▶ _WHAT YOU WILL DO_:
Start at the line below containing "Young man in white shirt" and stop at the line containing "Stierkampf auf der". Repeat every line of that stretch exactly, and nothing outside it.

▶ _EXCERPTED DATA_:
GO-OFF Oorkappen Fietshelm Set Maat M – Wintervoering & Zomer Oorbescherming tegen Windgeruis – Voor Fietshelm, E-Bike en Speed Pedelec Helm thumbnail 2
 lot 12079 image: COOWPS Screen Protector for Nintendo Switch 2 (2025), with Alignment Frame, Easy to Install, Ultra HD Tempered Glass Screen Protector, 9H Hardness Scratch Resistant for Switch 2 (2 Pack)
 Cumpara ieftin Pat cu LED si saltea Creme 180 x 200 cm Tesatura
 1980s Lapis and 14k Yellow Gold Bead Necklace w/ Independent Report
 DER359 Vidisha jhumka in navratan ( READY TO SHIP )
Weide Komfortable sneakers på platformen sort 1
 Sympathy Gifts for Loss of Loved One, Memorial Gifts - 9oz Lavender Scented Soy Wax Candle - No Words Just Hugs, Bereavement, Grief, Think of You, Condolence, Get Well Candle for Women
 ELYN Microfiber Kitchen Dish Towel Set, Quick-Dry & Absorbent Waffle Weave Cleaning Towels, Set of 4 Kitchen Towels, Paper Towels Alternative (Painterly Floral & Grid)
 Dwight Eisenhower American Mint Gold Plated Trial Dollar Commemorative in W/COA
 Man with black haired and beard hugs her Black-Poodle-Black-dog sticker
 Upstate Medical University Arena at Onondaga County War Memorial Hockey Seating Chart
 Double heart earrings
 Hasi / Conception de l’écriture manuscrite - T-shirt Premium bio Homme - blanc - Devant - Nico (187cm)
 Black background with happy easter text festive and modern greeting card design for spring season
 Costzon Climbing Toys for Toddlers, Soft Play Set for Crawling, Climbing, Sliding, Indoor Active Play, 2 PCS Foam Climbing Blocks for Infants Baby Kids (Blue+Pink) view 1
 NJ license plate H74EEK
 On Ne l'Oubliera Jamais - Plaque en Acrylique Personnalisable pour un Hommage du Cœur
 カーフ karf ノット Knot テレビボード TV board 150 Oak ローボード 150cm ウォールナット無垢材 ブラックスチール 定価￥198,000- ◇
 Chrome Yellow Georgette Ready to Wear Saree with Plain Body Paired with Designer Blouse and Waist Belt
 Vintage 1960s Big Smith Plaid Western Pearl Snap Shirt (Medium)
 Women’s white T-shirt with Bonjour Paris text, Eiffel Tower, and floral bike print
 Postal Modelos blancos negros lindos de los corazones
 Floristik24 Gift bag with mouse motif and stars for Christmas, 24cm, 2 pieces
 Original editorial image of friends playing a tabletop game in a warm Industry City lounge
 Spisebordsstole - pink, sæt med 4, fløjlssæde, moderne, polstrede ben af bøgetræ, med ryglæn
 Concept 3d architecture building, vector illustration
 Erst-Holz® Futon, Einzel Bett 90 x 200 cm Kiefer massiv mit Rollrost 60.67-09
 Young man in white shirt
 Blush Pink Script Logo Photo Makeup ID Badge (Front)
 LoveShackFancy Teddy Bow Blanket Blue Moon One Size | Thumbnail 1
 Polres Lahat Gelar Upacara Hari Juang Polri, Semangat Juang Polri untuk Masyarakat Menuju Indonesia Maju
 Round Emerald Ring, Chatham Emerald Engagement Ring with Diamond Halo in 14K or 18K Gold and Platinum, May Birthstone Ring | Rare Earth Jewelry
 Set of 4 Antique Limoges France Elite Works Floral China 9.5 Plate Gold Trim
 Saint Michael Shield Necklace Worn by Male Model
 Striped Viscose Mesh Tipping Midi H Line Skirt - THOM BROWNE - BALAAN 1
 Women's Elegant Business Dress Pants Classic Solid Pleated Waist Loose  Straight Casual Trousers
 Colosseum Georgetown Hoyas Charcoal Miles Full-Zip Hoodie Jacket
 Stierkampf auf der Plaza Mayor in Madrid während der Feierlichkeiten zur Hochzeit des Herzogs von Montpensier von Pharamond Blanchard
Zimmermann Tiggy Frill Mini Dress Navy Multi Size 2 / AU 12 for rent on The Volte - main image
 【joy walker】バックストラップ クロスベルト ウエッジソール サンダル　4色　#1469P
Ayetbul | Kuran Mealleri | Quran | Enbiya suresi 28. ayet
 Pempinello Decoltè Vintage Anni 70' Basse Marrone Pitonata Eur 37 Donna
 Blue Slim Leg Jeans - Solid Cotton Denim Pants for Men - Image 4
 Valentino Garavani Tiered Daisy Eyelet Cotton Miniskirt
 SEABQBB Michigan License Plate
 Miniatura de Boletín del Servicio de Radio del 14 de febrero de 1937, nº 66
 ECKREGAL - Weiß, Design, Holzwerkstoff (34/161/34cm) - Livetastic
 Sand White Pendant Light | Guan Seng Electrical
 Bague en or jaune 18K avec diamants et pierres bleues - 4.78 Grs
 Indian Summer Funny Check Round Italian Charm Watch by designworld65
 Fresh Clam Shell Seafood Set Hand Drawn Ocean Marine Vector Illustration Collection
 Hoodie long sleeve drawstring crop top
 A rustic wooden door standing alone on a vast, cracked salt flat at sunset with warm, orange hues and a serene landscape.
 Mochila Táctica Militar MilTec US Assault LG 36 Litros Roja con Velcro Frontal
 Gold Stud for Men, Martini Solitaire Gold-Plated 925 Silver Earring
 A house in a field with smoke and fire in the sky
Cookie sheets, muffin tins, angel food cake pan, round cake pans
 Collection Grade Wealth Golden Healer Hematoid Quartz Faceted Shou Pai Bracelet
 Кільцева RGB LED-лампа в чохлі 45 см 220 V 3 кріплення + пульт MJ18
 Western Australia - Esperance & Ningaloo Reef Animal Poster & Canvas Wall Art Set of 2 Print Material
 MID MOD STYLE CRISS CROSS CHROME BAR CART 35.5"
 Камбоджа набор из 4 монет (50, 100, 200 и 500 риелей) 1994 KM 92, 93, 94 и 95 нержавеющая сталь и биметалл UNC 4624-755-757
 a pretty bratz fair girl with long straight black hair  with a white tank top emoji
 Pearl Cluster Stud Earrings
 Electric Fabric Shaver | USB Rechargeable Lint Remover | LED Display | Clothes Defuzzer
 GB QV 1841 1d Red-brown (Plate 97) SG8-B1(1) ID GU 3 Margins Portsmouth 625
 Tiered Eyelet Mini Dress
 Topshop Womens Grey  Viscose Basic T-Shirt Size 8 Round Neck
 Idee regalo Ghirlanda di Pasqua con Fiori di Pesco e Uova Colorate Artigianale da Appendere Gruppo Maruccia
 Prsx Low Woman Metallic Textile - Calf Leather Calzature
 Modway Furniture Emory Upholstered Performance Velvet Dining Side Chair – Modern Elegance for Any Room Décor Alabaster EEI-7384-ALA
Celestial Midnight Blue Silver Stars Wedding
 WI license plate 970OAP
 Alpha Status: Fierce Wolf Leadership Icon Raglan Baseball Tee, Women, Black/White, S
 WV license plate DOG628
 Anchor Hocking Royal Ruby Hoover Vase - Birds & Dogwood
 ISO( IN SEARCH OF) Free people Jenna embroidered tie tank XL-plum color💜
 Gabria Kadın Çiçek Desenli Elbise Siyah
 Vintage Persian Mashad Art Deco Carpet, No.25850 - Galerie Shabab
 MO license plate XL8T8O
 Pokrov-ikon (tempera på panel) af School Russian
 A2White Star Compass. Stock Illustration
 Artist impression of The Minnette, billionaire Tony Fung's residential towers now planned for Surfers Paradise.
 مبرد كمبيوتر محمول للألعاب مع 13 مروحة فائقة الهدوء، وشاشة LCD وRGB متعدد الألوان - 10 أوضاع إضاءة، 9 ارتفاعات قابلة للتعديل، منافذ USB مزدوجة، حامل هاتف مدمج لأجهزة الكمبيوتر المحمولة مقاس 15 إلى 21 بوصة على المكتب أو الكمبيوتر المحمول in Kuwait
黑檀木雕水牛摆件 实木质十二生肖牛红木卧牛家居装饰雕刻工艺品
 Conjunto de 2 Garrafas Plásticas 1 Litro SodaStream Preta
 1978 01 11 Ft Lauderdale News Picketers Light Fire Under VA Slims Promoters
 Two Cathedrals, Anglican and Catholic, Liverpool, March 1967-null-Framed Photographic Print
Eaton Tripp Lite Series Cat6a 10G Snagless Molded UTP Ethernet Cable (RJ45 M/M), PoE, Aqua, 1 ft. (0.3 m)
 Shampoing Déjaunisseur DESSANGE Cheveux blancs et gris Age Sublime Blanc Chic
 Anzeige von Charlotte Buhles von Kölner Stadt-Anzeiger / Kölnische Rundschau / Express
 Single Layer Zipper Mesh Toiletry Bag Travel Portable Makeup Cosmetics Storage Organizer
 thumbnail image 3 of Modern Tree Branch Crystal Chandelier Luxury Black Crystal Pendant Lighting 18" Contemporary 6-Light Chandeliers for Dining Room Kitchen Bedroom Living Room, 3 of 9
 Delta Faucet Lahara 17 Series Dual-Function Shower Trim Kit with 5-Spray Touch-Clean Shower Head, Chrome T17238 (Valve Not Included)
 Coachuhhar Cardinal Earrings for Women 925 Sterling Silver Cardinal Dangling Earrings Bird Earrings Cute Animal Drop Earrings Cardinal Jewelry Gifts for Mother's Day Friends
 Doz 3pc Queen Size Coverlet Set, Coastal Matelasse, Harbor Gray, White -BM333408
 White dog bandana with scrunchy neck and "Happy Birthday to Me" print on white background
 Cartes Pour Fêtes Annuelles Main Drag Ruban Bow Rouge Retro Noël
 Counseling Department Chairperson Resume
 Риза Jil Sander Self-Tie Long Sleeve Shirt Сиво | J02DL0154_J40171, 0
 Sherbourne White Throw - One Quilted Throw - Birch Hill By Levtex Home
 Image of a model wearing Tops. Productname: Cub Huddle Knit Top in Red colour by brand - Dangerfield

▶ _PROBLEM SOLUTION_:
 Young man in white shirt
 Blush Pink Script Logo Photo Makeup ID Badge (Front)
 LoveShackFancy Teddy Bow Blanket Blue Moon One Size | Thumbnail 1
 Polres Lahat Gelar Upacara Hari Juang Polri, Semangat Juang Polri untuk Masyarakat Menuju Indonesia Maju
 Round Emerald Ring, Chatham Emerald Engagement Ring with Diamond Halo in 14K or 18K Gold and Platinum, May Birthstone Ring | Rare Earth Jewelry
 Set of 4 Antique Limoges France Elite Works Floral China 9.5 Plate Gold Trim
 Saint Michael Shield Necklace Worn by Male Model
 Striped Viscose Mesh Tipping Midi H Line Skirt - THOM BROWNE - BALAAN 1
 Women's Elegant Business Dress Pants Classic Solid Pleated Waist Loose  Straight Casual Trousers
 Colosseum Georgetown Hoyas Charcoal Miles Full-Zip Hoodie Jacket
 Stierkampf auf der Plaza Mayor in Madrid während der Feierlichkeiten zur Hochzeit des Herzogs von Montpensier von Pharamond Blanchard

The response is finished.